後半は、まず同じテーブルを囲んだ参加者3人でアイスブレイク。名前となぜこの授業に参加しようと思ったのかを共有します。その後、各自で「2020年(4年後)の未来予想図」を仕事とプライベートに分けて記入し、記入した内容を順番に発表。発表を聞いてから3人で他の2人への未来の応援メッセージを書き合いました。そして、その“未来予想図”を未来の自分へのお手紙として送りました。

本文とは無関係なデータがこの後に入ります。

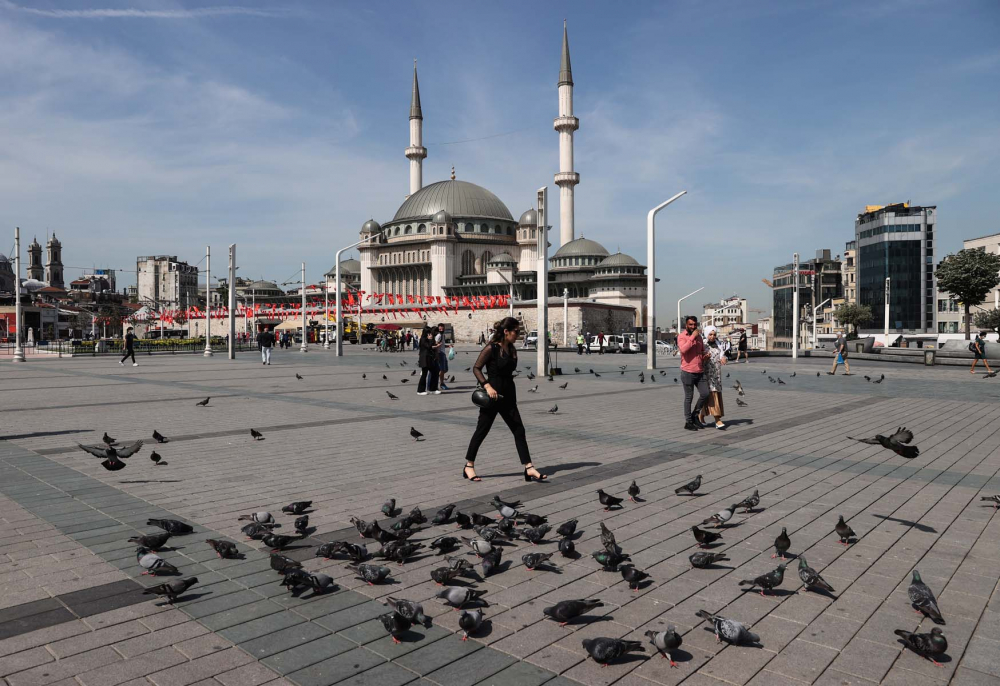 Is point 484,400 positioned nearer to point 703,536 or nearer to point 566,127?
point 703,536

4年後という遠くもない未来について現実的に考え文字にすることで、4年後の自分が少し具体的にイメージできるようになり、他の人にも発表したことで実現に向けての責任感を持ち一歩前に進んだような気持になりました。初対面の二人から自分の未来に向けての応援メッセージを頂けるなんて感動でした。


「出産・育児にポジティブになりきれないところがあるので、気持ちに変化があればと思って参加した」や「もやもや悩んでいるのを、色々な人の意見を聞いて少しでも晴らしたいなあという気持ちで参加した」や「将来の自分がなかなか考えられなかったので、考えるきっかけにしたかった」などなど、様々な思いを持ってたくさんの方が参加し、様々な新たな思いを、もしくは思いを再確認して帰られたようでした。未来についてまじめに考え、さらに他人と共有するのは少し恥ずかしい感じもしましたが、一歩進む良いきっかけになったと思います。「4年後に同窓会したい」との声もたくさん頂きました、4年間を振り返りながらまた次の一歩を踏み出すきっかけの場をつくれるといいですね。